Entity X operates a mine in the area and has applications for mining leases in the area:
Under section 279 of the Mineral Resources Act 1989 (Qld) ('MRA') Entity X is required to enter into a conduct and compensation agreement with you before their mining leases are granted.
You entered into two agreements with Entity X:
(a) a sale agreement ('Sale Agreement') for the sale of Lot 1, and
(b) a conduct and compensation agreement ('Compensation Agreement).
Each agreement states it was contingent on the other.
Under the Sale Agreement, you
(a) agreed to sell Lot 1
(b) were granted a license to use Lot 1 for a specified period, and
(c) were allowed to remove the dwelling houses from Lot 1.
Under the Compensation Agreement, you agreed to compensation ('Compensation Agreement') and agreed to apportion between the following heads of payment:
(a) severance and injurious affection loss in respect of Lot 2, including the blast exclusion zone, ('Head One')
(b) reinstatement of houses at approved locations ('Head Two')
(c) transfer duty and legal fees for replacement land ('Head Three')
(d) waiver of restricted land rights and not lodging objections to mining leases or development approvals ('Head Four'), and
(e) refund for legal, valuation and accounting fees ('Head Five').
Relevant legislative provisions
Income Tax Assessment Act 1997 Section 6-5
Income Tax Assessment Act 1997 Section 6-10
Income Tax Assessment Act 1997 Section 8-1
Income Tax Assessment Act 1997 Section 20-20
Income Tax Assessment Act 1997 Section 104-5
Income Tax Assessment Act 1997 Section 104-25
Income Tax Assessment Act 1997 Section 104-35
Income Tax Assessment Act 1997 Section 112-30
Reasons for decision
Summary
Compensation received for the permanent reduction in value and damage relating to Lot 2 will be treated as a reduction to its' cost base.

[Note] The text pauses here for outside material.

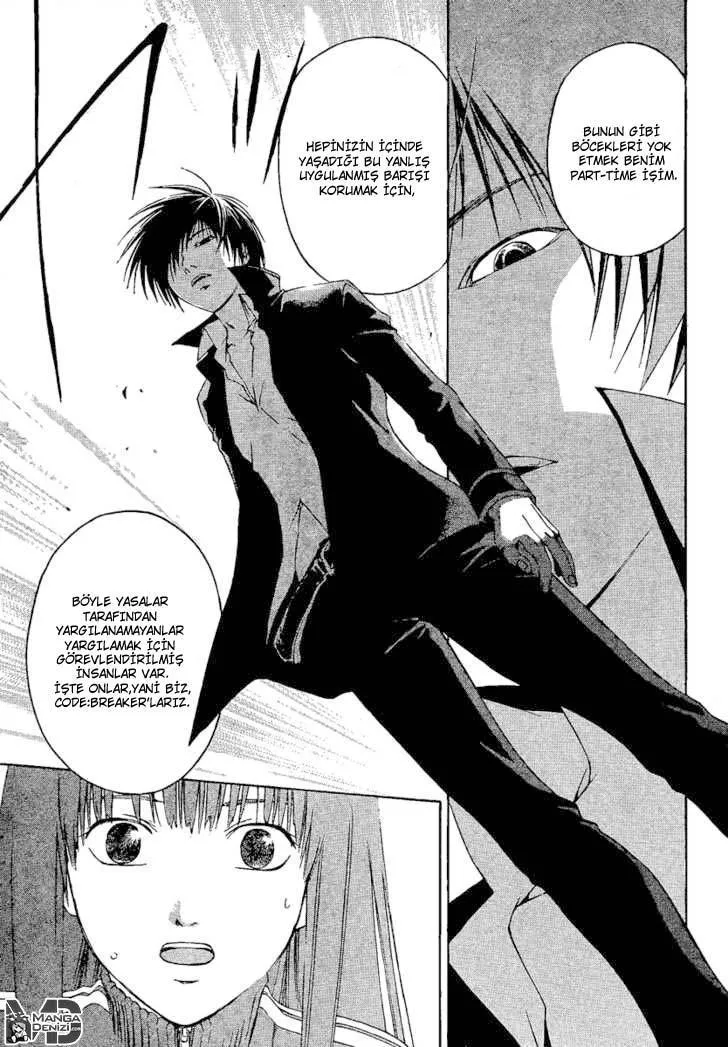 Code: Breaker - Sayfa 12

Compensation for future costs associated with relocating the dwellings and purchasing replacement land are included in the capital proceeds from the sale of Lot 1 and can be discounted.
Compensation for agreeing not to lodge an objection to Entity X's mining leases or development approvals is a CGT event D1 as a contractual right has been created between yourself and Entity X. Any gain from this event cannot be discounted.
The compensation to refund legal, accounting and valuation fees is to be apportioned between the affected assets.
Detailed reasoning
Under Schedule 1 to the MRA the holder of a mining lease is required to compensate the relevant owners or occupiers of land subject to that lease for the effect the owners or occupiers suffer as a result of the activities undertaken by the mining lease holder on that land.
'Compensatable effect' is defined under the MRA as meaning all or any of the following:
(a) all or any of the following relating to the owner's or occupier's land
(i) deprivation of possession of its surface
(ii) diminution of its value
(iii) diminution of the use made or that may be made of the land or any improvement on it
(iv) severance of any part of the land from other parts of the land or from other land that the owner or occupier owns
(v) any cost, damage or loss arising from the carrying out of activities under the mining lease on the land, and
(b) accounting, legal or valuation costs the owner or occupier necessarily and reasonably incurred to negotiate or prepare a conduct and compensation agreement.
Compensation payment as ordinary income
Section 6-5 of the Income Tax Assessment Act 1997 (ITAA 1997) provides that the assessable income of a resident taxpayer includes ordinary income derived directly or indirectly from all sources during the income year.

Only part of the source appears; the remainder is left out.